Primario: Prof. F. Panini
Il problema dell’anestesia in travaglio di parto e nell’espletamento del parto continua a polarizzare l’attenzione dell’ostetricia moderna, che si sforza di trovare un metodo efficace ed innocuo alla madre e al feto e che nello stesso tempo sia di facile applicazione. Ripetutamente sono stati segnalati o proposti metodi di anestesia nel parto, associata o meno all’impiego di ossitocici, ma tutti hanno avuto breve notorietà, per difetti di varia natura, sia nell’impiego che nelle ripercussioni sull’organismo materno e fetale. Nel 1959 la scuola di Tolosa (Guilhem e Pontonnier) propose il metodo di parto pilotato in anestesia generale barbiturica, indicandone anche le modalità di attuazione, oltre che gli inconvenienti e i vantaggi.
Fino a tale epoca, alle dosi comunemente impiegate, la tossicità del barbiturico per il feto aveva limitato l’uso del thiopental sodico nel travaglio di parto. Numerosi AA. tuttavia, sperimentando l’uso del barbiturico in travaglio, notarono come spesso da madri in anestesia generale barbiturica nascessero neonati vivi e vitali e perfettamente svegli. Queste osservazioni provenienti da fonti diverse condussero a un approfondimento delle ricerche su questo problema. Uno studio esauriente sul passaggio transplacentare del thiopental sodico è stato condotto dal Finkeltin in una tesi presentata a Tolosa nel 1959.
Questo A. e altri più recentemente, osservarono che già 30 secondi dopo un’iniezione endovenosa di 300 mg. di thiopental, questo passa nel circolo fetale. Dopo 90-120 secondi, le concentrazioni ematiche materne e fetali praticamente si equivalgono. Il farmaco anestetico tuttavia, prima di arrivare al cervello fetale ed esplicare su di esso un’eventuale azione tossica, deve superare tre barriere, costituite dai grassi materni, il filtro placentare e il fegato fetale. I grassi previscerali materni bloccano da soli il 70% del farmaco.

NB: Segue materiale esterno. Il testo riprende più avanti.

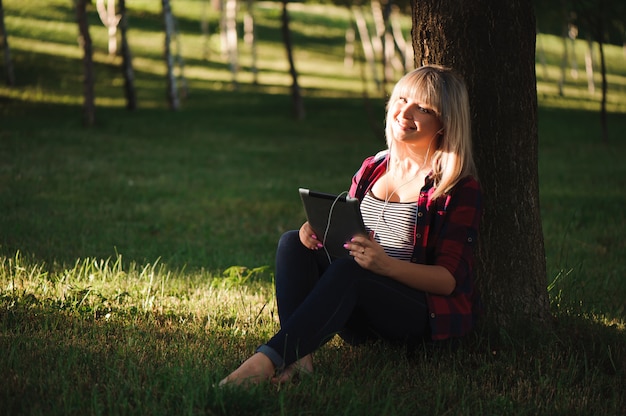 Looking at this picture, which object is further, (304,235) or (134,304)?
(134,304)

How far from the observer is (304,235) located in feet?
13.0

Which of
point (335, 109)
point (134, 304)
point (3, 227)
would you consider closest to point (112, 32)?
point (335, 109)

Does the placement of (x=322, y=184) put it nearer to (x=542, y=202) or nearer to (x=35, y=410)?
(x=542, y=202)

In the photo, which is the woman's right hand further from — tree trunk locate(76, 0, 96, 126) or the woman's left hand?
tree trunk locate(76, 0, 96, 126)

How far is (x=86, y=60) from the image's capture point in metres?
19.3

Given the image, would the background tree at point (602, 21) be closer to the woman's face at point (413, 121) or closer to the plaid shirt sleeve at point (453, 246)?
the woman's face at point (413, 121)

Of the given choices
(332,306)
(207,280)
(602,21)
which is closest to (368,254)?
(332,306)

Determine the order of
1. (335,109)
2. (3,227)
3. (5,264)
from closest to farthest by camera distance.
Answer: (5,264) → (3,227) → (335,109)

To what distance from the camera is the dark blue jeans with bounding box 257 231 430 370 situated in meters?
3.54

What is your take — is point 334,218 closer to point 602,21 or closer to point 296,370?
point 296,370

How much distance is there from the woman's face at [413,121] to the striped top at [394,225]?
351 millimetres

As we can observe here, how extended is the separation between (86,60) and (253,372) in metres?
17.4

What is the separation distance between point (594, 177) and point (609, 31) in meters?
5.86

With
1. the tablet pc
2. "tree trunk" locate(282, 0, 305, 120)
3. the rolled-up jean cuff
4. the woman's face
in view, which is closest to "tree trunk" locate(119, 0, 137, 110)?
"tree trunk" locate(282, 0, 305, 120) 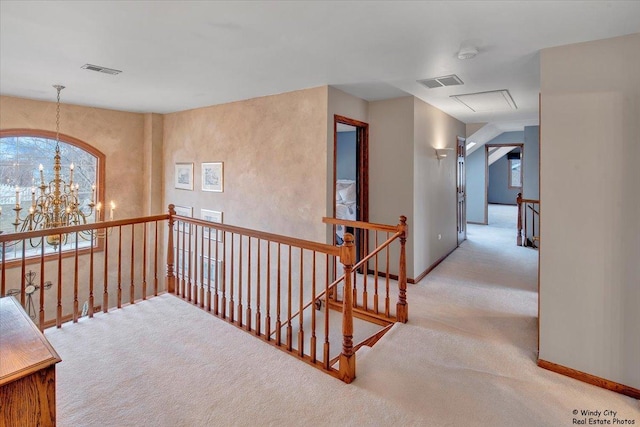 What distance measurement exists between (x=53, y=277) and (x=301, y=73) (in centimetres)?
486

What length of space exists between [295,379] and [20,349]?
154 centimetres

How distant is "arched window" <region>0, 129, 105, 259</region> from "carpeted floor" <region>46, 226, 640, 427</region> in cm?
261

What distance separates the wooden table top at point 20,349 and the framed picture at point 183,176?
4.21 meters

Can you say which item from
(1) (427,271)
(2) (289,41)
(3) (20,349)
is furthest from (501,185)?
(3) (20,349)

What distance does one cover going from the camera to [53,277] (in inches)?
204

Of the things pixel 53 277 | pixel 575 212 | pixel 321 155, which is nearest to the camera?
pixel 575 212

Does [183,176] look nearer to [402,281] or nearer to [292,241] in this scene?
[292,241]

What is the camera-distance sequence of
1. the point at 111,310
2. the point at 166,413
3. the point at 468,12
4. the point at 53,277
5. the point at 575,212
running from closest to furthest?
the point at 166,413 → the point at 468,12 → the point at 575,212 → the point at 111,310 → the point at 53,277

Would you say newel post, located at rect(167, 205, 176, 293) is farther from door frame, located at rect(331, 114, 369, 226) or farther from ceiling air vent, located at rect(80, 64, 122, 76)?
door frame, located at rect(331, 114, 369, 226)

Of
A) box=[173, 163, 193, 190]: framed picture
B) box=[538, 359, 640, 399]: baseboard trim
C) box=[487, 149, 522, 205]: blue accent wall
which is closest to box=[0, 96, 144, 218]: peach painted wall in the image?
box=[173, 163, 193, 190]: framed picture

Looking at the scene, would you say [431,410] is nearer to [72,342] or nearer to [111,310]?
[72,342]

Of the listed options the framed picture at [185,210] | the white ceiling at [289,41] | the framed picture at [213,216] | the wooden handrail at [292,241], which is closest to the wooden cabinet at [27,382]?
the wooden handrail at [292,241]

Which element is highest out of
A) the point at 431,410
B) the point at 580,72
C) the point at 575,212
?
the point at 580,72

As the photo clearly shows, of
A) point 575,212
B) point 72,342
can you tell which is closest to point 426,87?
point 575,212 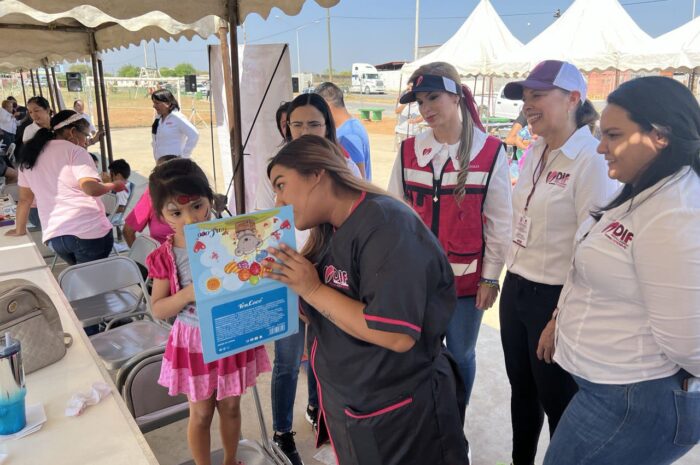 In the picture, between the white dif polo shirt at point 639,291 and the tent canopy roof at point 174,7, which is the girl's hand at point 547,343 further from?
the tent canopy roof at point 174,7

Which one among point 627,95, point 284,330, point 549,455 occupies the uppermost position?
point 627,95

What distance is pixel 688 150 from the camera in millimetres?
1129

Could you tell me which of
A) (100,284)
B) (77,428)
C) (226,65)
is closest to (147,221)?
(100,284)

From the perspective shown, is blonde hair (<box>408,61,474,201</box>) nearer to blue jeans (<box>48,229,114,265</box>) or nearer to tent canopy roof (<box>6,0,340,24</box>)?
tent canopy roof (<box>6,0,340,24</box>)

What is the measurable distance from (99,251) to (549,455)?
3068 mm

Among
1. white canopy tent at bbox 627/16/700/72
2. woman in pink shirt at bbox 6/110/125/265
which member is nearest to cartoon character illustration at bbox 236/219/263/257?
woman in pink shirt at bbox 6/110/125/265

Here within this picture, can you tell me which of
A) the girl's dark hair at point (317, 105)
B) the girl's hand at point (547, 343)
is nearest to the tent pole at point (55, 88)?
the girl's dark hair at point (317, 105)

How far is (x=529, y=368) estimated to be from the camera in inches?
75.2

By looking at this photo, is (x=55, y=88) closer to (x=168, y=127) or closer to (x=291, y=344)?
(x=168, y=127)

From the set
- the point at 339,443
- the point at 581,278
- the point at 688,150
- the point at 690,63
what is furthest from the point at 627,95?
the point at 690,63

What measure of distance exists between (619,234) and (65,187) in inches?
125

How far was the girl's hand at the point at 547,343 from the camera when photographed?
1.60m

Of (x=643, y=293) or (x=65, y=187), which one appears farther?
(x=65, y=187)

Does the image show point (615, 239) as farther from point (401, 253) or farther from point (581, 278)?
point (401, 253) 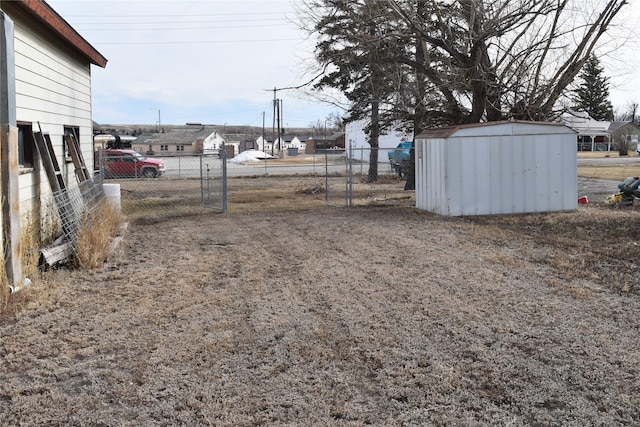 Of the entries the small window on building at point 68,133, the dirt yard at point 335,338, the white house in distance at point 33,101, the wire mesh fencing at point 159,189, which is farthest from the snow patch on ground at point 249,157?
the dirt yard at point 335,338

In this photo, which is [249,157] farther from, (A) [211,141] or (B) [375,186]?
(B) [375,186]

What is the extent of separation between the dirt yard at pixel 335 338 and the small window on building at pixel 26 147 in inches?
75.5

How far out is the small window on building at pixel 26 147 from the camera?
884 centimetres

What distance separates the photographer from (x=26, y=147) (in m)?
9.09

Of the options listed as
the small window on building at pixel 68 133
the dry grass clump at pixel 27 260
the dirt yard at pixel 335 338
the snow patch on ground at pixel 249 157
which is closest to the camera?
the dirt yard at pixel 335 338

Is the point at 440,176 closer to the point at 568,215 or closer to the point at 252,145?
the point at 568,215

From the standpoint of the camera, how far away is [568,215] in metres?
13.5

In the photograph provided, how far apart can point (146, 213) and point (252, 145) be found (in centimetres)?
8513

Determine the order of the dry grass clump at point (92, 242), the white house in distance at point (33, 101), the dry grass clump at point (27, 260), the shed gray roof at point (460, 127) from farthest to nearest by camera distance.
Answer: the shed gray roof at point (460, 127) < the dry grass clump at point (92, 242) < the white house in distance at point (33, 101) < the dry grass clump at point (27, 260)

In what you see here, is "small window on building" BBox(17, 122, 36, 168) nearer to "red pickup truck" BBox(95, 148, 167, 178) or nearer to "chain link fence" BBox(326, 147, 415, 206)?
"chain link fence" BBox(326, 147, 415, 206)

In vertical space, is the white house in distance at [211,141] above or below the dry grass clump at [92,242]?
above

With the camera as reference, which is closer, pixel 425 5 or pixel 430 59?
pixel 425 5

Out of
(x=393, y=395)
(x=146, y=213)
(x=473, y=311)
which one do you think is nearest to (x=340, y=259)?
(x=473, y=311)

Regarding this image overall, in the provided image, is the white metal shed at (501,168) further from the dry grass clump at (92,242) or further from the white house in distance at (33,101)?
the white house in distance at (33,101) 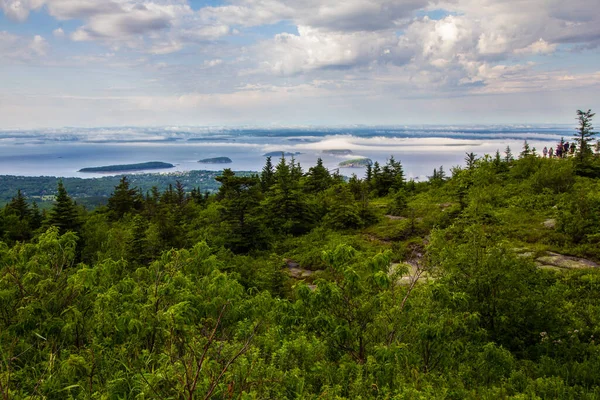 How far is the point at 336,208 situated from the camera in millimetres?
20250

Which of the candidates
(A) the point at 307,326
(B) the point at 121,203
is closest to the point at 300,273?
(A) the point at 307,326

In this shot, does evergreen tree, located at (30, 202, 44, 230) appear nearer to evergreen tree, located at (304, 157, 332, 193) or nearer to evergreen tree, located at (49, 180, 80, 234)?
evergreen tree, located at (49, 180, 80, 234)

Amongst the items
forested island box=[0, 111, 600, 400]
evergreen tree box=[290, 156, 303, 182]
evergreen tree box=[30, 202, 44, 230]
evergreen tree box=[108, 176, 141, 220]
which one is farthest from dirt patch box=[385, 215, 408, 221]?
evergreen tree box=[30, 202, 44, 230]

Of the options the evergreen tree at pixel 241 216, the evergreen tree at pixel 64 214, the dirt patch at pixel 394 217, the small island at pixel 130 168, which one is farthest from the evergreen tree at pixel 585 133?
the small island at pixel 130 168

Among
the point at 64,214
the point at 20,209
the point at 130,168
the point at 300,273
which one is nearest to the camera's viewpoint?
the point at 300,273

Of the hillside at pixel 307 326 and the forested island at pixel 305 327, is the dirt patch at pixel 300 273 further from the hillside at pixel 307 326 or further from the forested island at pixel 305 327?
the hillside at pixel 307 326

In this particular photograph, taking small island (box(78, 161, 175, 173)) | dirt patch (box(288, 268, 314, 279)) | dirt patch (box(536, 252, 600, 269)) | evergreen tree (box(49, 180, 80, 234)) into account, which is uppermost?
evergreen tree (box(49, 180, 80, 234))

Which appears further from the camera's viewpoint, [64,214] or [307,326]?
[64,214]

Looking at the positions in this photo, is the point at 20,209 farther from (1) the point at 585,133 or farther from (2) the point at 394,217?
(1) the point at 585,133

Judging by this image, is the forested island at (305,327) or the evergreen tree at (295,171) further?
the evergreen tree at (295,171)

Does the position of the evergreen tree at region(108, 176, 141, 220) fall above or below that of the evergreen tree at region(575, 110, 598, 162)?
below

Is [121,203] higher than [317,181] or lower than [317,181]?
lower

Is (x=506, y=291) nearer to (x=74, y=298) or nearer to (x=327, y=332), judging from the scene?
(x=327, y=332)

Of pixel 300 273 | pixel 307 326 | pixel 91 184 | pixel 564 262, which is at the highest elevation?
pixel 307 326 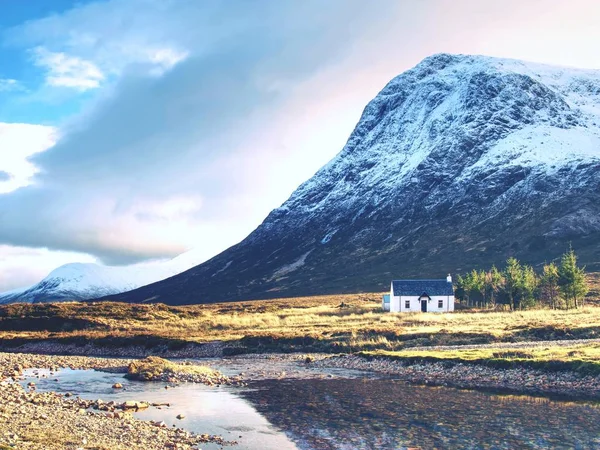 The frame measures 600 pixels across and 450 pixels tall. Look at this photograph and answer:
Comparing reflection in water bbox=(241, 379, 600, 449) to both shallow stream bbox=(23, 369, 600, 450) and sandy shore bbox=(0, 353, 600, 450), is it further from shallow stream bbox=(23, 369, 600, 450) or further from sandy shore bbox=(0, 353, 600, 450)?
sandy shore bbox=(0, 353, 600, 450)

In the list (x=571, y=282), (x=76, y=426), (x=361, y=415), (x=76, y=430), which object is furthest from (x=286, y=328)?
(x=76, y=430)

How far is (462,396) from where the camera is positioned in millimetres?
35469

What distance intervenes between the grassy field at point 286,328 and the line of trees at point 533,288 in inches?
428

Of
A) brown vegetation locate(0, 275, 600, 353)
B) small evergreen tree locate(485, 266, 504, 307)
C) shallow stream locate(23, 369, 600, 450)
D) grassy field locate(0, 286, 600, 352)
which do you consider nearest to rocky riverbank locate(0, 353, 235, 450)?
shallow stream locate(23, 369, 600, 450)

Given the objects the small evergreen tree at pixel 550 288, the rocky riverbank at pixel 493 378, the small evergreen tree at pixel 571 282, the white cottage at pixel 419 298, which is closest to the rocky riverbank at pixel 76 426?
the rocky riverbank at pixel 493 378

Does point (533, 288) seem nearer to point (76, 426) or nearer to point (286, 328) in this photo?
point (286, 328)

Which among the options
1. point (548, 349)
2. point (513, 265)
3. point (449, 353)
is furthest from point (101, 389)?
point (513, 265)

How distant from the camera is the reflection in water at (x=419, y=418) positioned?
82.1 ft

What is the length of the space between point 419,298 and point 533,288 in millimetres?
21641

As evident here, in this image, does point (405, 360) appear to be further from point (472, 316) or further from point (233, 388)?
point (472, 316)

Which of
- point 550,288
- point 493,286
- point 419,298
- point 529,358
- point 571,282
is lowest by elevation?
point 529,358

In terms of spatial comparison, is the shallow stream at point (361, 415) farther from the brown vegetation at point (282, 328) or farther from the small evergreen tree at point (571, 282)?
the small evergreen tree at point (571, 282)

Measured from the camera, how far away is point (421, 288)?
115 m

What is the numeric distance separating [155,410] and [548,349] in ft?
112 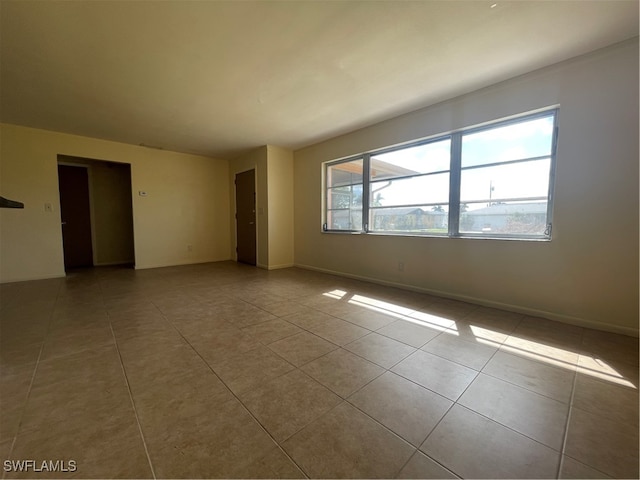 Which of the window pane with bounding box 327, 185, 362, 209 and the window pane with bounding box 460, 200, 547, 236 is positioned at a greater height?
the window pane with bounding box 327, 185, 362, 209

Fra gli organi fetali il fegato è quello che trattiene la maggior parte del farmaco, mentre sembra che nona avvenga alcuna fissazione a livello della placenta. Altro fattore importante è l’elevata tollerabilità da parte dell’organismo fetale del barbiturico, dovuta alla caratteristica del cervello fetale di essere più ricco in acqua che in lipidi. Per tutti questi motivi al cervello fetale arriva una dose molto ridotta del barbiturico rispetto a quella materna, e se il dosaggio è contenuto entro i 1000 mg, l’anestetico non è in grado di causare danni fetali.
Tale dosaggio può essere con sicurezza superato se il farmaco viene somministrato a dosi subentranti di 100-150 mg.: con quest’accorgimento si assicura il mantenimento della narcosi indotta dalla dose iniziale, e nello stesso tempo si impediscono i fenomeni di accumulo e le concentrazioni ematiche eccessive, con conseguente danno fetale. Per ultimo è da considerare nella sua notevole importanza l’osservazione fatta da Hellmann sul fatto che nelle anestesie di lunga durata, mentre il tasso ematico materno dell’anestetico aumenta, quello fetale resta costante.
Il ginecologo Luigi Langella dichiara che, oltre alle considerazioni fatte, di ordine tossico-farmacologico, va tenuto presente l’effetto dinamico di rilasciamento che l’anestesia con barbiturico endovenoso ha sul collo uterino e sui tessuti molli del canale del parto in genere. A tale azione è dovuta la rapidità di espletamento del parto che, più o meno a tutti, è capitato di osservare durante un’anestesia generale eseguita per altre finalità. Se a queste possibilità dell’anestesia con barbiturici si associano quindi le proprietà di stimolo della contrazione proprie all’ossitocina sintetica, vi sono tutte le premesse per avere a disposizione un metodo di parto pilotato in anestesia, che oltre ad essere scevro da grandi rischi, ha la possibilità di essere un buon presidio terapeutico in determinate difficili situazioni che si verificano durante il travaglio di parto.
E’ su questi principi che Guilhem e Pontonnier per primi, e altri in seguito, hanno applicato su larga scala l’associazione ossitocico-barbiturico in numerose situazioni patologiche ostetriche, quali le distocie dinamiche e la sofferenza fetale, con conseguente diminuzione dei tagli cesarei.